**Data section**
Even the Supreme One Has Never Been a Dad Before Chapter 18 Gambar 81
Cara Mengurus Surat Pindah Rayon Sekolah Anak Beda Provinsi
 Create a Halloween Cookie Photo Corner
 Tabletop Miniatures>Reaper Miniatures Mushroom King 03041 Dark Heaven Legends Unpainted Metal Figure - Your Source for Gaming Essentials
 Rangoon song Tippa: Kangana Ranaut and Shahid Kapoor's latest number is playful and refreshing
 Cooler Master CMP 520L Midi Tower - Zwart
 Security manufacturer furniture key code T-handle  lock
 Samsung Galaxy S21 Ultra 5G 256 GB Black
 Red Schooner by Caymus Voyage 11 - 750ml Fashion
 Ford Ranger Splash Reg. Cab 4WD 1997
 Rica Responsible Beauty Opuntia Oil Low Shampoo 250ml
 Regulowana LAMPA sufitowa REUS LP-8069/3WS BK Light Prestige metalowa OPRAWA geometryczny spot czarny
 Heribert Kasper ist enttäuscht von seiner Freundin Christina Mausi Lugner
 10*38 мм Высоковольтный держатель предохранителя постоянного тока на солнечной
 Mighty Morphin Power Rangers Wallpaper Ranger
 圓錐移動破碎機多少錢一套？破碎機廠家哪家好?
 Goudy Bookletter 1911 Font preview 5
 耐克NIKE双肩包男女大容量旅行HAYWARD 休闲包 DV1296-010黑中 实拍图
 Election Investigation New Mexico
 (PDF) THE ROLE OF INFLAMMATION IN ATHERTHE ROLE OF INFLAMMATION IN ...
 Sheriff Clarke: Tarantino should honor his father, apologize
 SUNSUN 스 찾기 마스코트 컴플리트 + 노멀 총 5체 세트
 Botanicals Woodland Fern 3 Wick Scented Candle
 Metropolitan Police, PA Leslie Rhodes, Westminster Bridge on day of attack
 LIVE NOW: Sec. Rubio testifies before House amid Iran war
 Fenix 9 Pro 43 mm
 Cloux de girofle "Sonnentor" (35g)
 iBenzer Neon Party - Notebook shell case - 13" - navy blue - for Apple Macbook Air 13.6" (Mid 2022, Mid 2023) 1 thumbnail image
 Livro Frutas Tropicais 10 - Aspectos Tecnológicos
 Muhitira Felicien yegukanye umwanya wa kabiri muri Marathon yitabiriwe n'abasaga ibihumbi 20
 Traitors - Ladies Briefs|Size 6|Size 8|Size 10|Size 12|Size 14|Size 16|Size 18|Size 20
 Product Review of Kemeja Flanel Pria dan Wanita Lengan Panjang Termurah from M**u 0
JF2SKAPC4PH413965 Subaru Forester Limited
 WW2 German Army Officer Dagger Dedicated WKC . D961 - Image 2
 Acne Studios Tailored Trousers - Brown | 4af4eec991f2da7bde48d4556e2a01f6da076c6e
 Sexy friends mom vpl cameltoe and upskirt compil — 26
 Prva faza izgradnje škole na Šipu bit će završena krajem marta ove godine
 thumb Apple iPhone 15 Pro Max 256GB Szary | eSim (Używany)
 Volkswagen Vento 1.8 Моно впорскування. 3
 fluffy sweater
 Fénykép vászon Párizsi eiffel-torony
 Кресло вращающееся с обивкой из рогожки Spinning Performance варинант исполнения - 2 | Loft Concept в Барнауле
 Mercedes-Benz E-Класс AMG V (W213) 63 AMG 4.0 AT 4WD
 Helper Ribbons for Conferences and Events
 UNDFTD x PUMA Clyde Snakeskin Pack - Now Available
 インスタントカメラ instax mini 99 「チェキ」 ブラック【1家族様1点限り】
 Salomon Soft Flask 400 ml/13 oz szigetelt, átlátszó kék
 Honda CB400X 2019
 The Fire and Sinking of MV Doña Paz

**Task**
Determine how many lines of the material hold "Apple", and respond with that number only.

**Result**
2